▶ [Supplied entries]
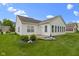 Well-kept backyard with a stone patio, decorative landscaping, and manicured lawn at 7128 Willow Pond Dr, Noblesville, IN 46062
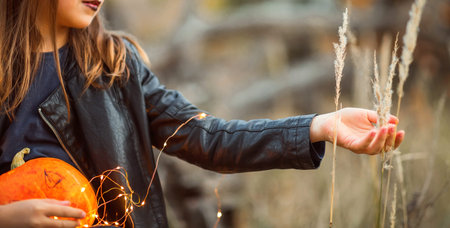 A cute girl in a Halloween costume is holding a medical face mask. Lay next to the orange pumpkins.の写真素材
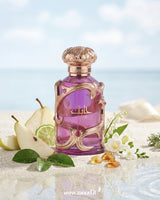 Luxury Lattafa Habik For Women perfume bottle with pear, citrus, white flowers, and amber accents on a soft beach-inspired background representing a fresh floral musk fragrance.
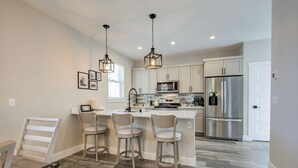 A modern kitchen with white cabinetry, stainless steel appliances, and a central island with bar stools.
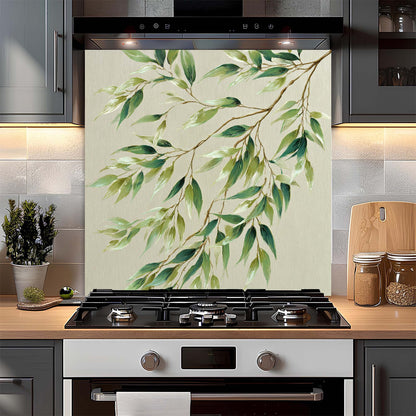 Kitchen stove with a decorative backsplash featuring green leaves and branches.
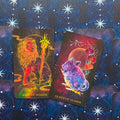 tarot kortos King of Wands ir Queen of Wands — spalvingos kosminės iliustracijos priekyje ir mėlynos žvaigždėtos nugarėlės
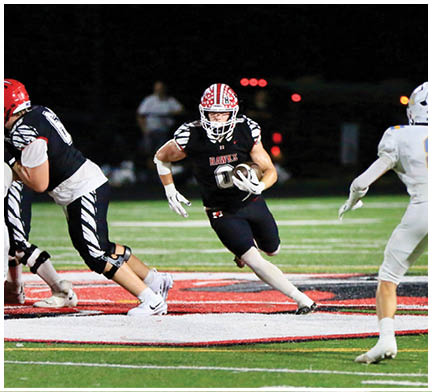 A person in a black football uniform with a red and white helmet is running with the ball while other players in black and white uniforms engage in blocking on a football field at night. Description generated by AI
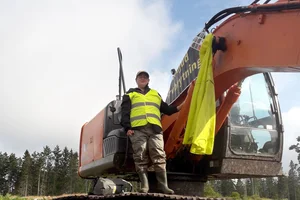 Aktivist från Återställ Våtmarker som ha limmat fast sig på en grävmaskin i protest mot torvbrottet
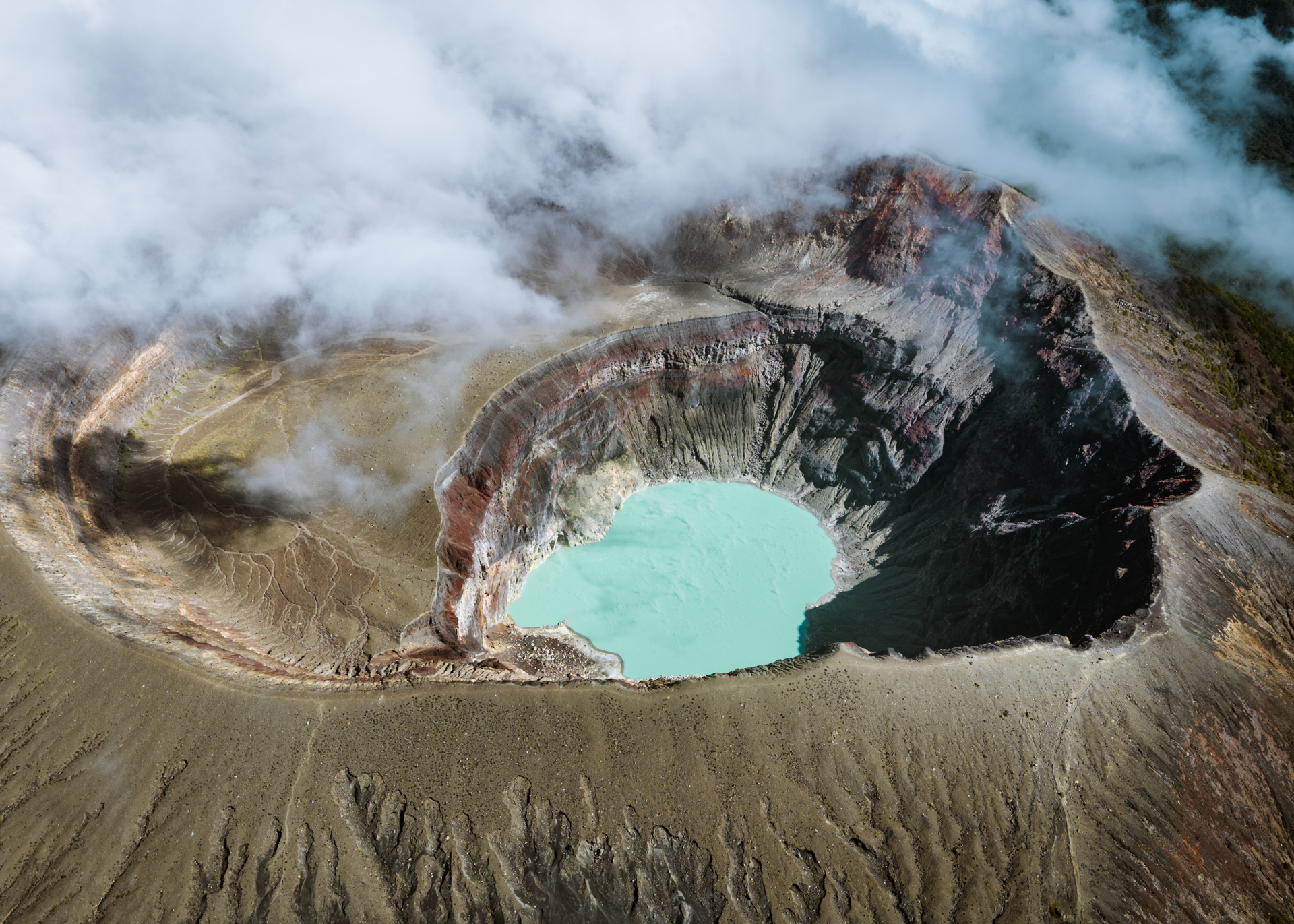 Aerial view of a volcanic crater with a turquoise lake surrounded by rugged terrain and clouds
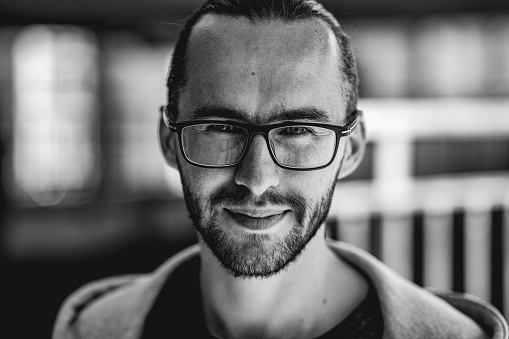 Black and white photography with beard person. Male portrait of a handsome man with eyeglasses. Lifestyle photo with nice people.
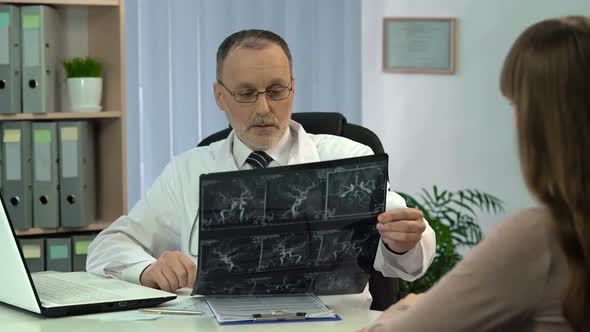 Doctor Looking at Blood Vessels X-Ray, Talking to Patient About Diagnosis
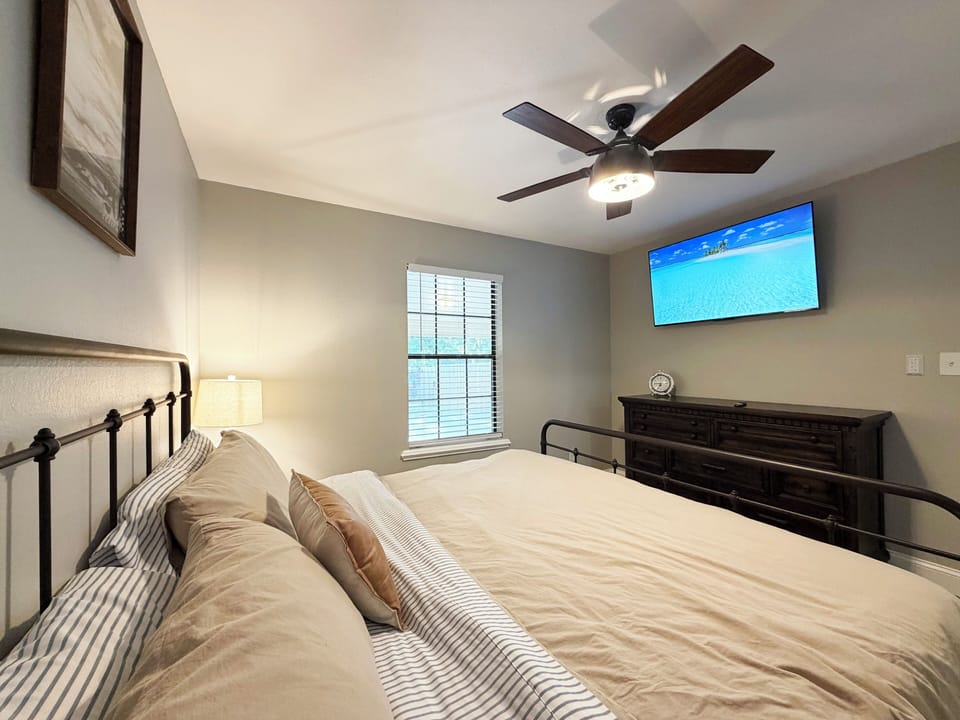 Cozy bedroom with TV, ceiling fan, and calming neutral decor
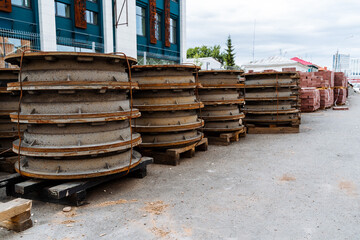 metal manhole covers from the sewer are stacked in a row on the street, road works, construction materials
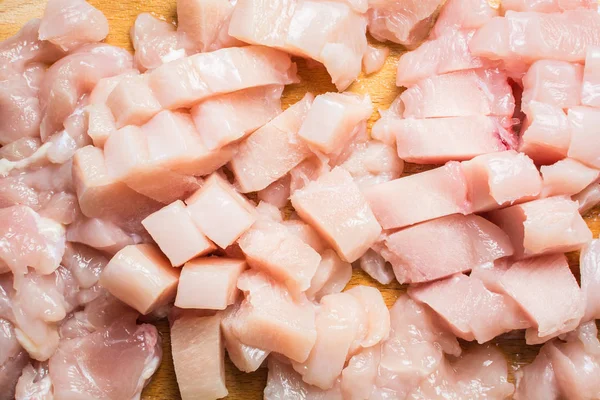 Sliced chicken fillets on wooden board. — Stock Photo, Image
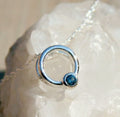 Silver ring with a blue gemstone on a white stone background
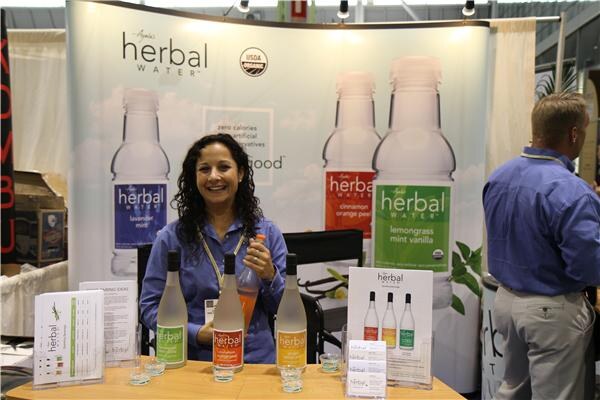 A smiling woman in a blue shirt holds a bottle at a table of Ayala's Herbal Water bottles and flyers, with a man in a blue shirt beside her and large herbal water banners behind.
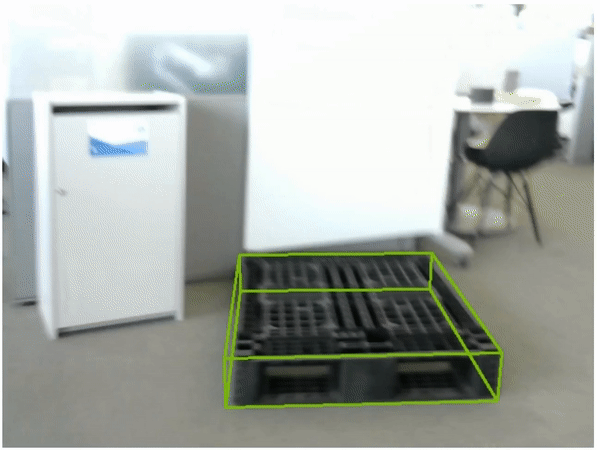A gif of the pallet detection model running in real time detecting a single black plastic pallet.  The video is shaky and blurry, demonstrating the ability of the model to detect the pallet even under adverse conditions.
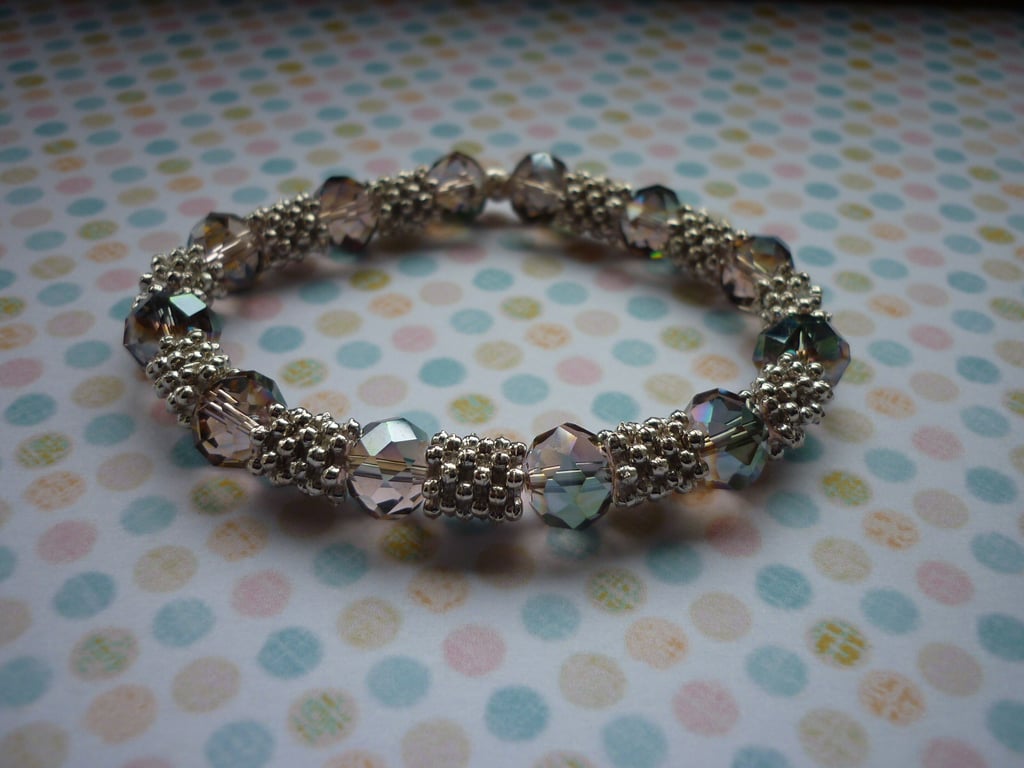 GREEN AB, ROSE AB AND SILVER BRACELET.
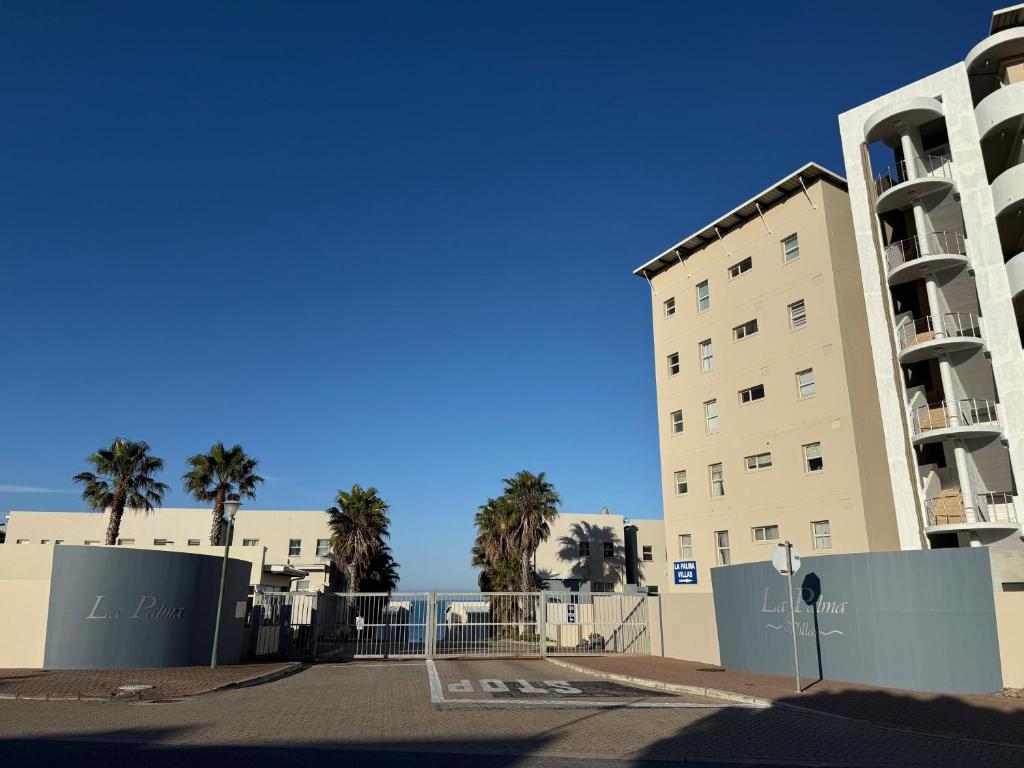 a building with palm trees in front of a building at La Palma villas 6 in Mossel Bay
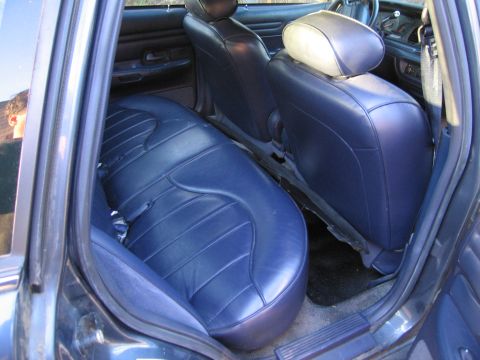 1991 Ford LTD Crown Victoria - The interior of the vehicle shows dark blue leather seats with a ribbed pattern.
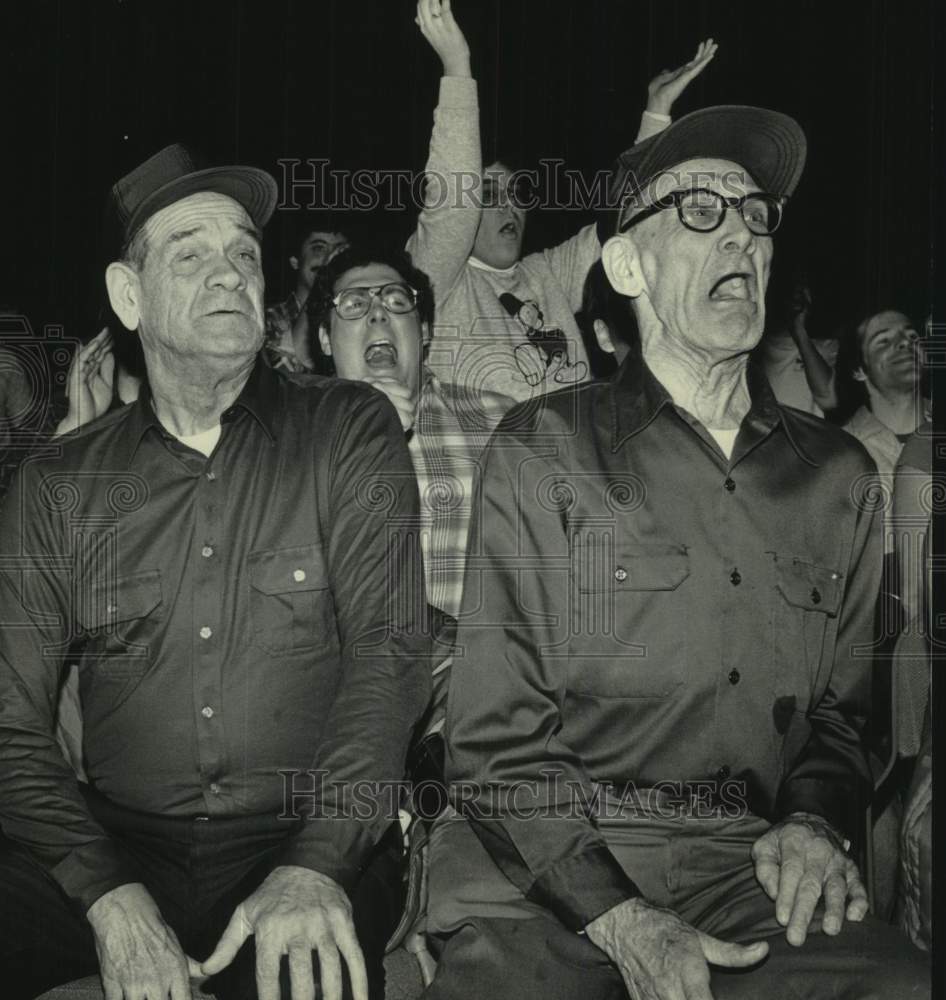 1985 Press Photo Jim and Richard Tyriver watch Wrestling Card, Milwaukee, WI - Historic Images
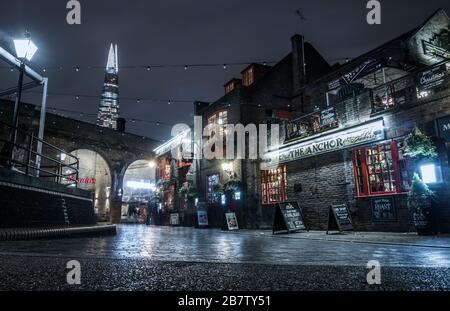 Night view of The Anchor Bankside pub on the South Bank of the Thames in London, The Shard is visible in the background. Stock Photo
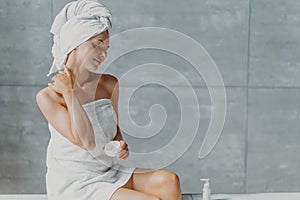 Satisfied spa woman sits in profile applies body cream for perfect skin, enjoys pampering and beauty treatment poses wrapped in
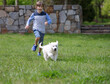 Boy Running and Playing with Dog
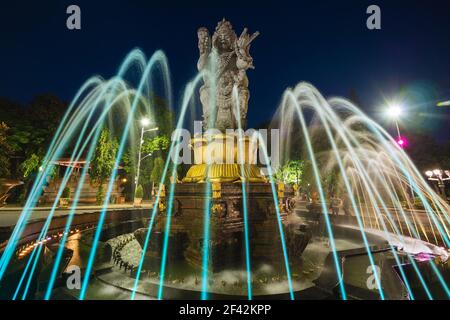 Vista notturna della statua e della fontana di Patung Catur Muka nel centro di Denpasar City, capitale di Bali, Indonesia. Foto Stock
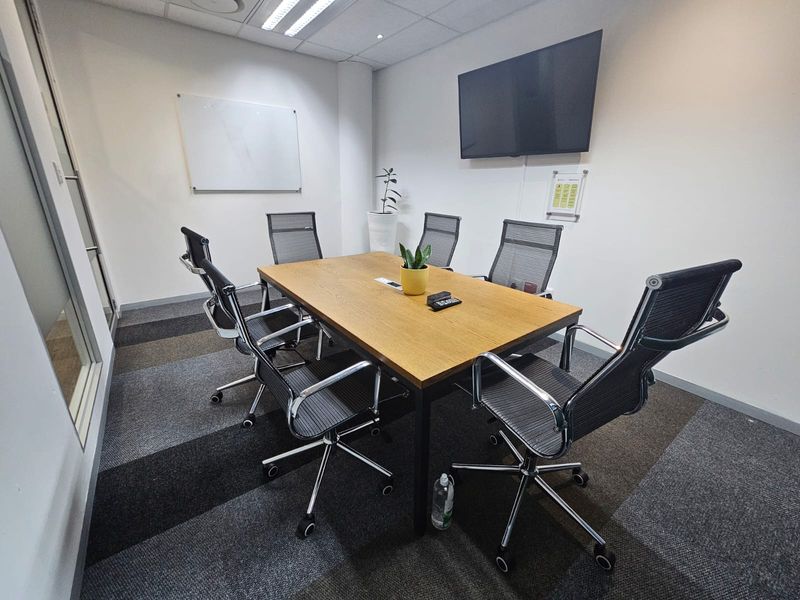 A professional meeting room featuring a modern boardroom table, suspended ceiling with recessed lighting, and durable carpet tiles.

▶ [Task statement] Put each line of the listing above into the copy exactly, dropping the pictures.

▶ [Solution for this problem]
 Well-kept backyard with a stone patio, decorative landscaping, and manicured lawn at 7128 Willow Pond Dr, Noblesville, IN 46062
 A cute girl in a Halloween costume is holding a medical face mask. Lay next to the orange pumpkins.の写真素材
 Luxury Lattafa Habik For Women perfume bottle with pear, citrus, white flowers, and amber accents on a soft beach-inspired background representing a fresh floral musk fragrance.
 A modern kitchen with white cabinetry, stainless steel appliances, and a central island with bar stools.
 Kitchen stove with a decorative backsplash featuring green leaves and branches.
 tarot kortos King of Wands ir Queen of Wands — spalvingos kosminės iliustracijos priekyje ir mėlynos žvaigždėtos nugarėlės
 A person in a black football uniform with a red and white helmet is running with the ball while other players in black and white uniforms engage in blocking on a football field at night. Description generated by AI
 Aktivist från Återställ Våtmarker som ha limmat fast sig på en grävmaskin i protest mot torvbrottet
 Aerial view of a volcanic crater with a turquoise lake surrounded by rugged terrain and clouds
 Black and white photography with beard person. Male portrait of a handsome man with eyeglasses. Lifestyle photo with nice people.
 Doctor Looking at Blood Vessels X-Ray, Talking to Patient About Diagnosis
 Cozy bedroom with TV, ceiling fan, and calming neutral decor
 metal manhole covers from the sewer are stacked in a row on the street, road works, construction materials
 Sliced chicken fillets on wooden board. — Stock Photo, Image
 Silver ring with a blue gemstone on a white stone background
 A smiling woman in a blue shirt holds a bottle at a table of Ayala's Herbal Water bottles and flyers, with a man in a blue shirt beside her and large herbal water banners behind.
A gif of the pallet detection model running in real time detecting a single black plastic pallet.  The video is shaky and blurry, demonstrating the ability of the model to detect the pallet even under adverse conditions.
 GREEN AB, ROSE AB AND SILVER BRACELET.
 a building with palm trees in front of a building at La Palma villas 6 in Mossel Bay
 1991 Ford LTD Crown Victoria - The interior of the vehicle shows dark blue leather seats with a ribbed pattern.
 1985 Press Photo Jim and Richard Tyriver watch Wrestling Card, Milwaukee, WI - Historic Images
 Night view of The Anchor Bankside pub on the South Bank of the Thames in London, The Shard is visible in the background. Stock Photo
 Satisfied spa woman sits in profile applies body cream for perfect skin, enjoys pampering and beauty treatment poses wrapped in
 Boy Running and Playing with Dog
 Vista notturna della statua e della fontana di Patung Catur Muka nel centro di Denpasar City, capitale di Bali, Indonesia. Foto Stock
 A professional meeting room featuring a modern boardroom table, suspended ceiling with recessed lighting, and durable carpet tiles.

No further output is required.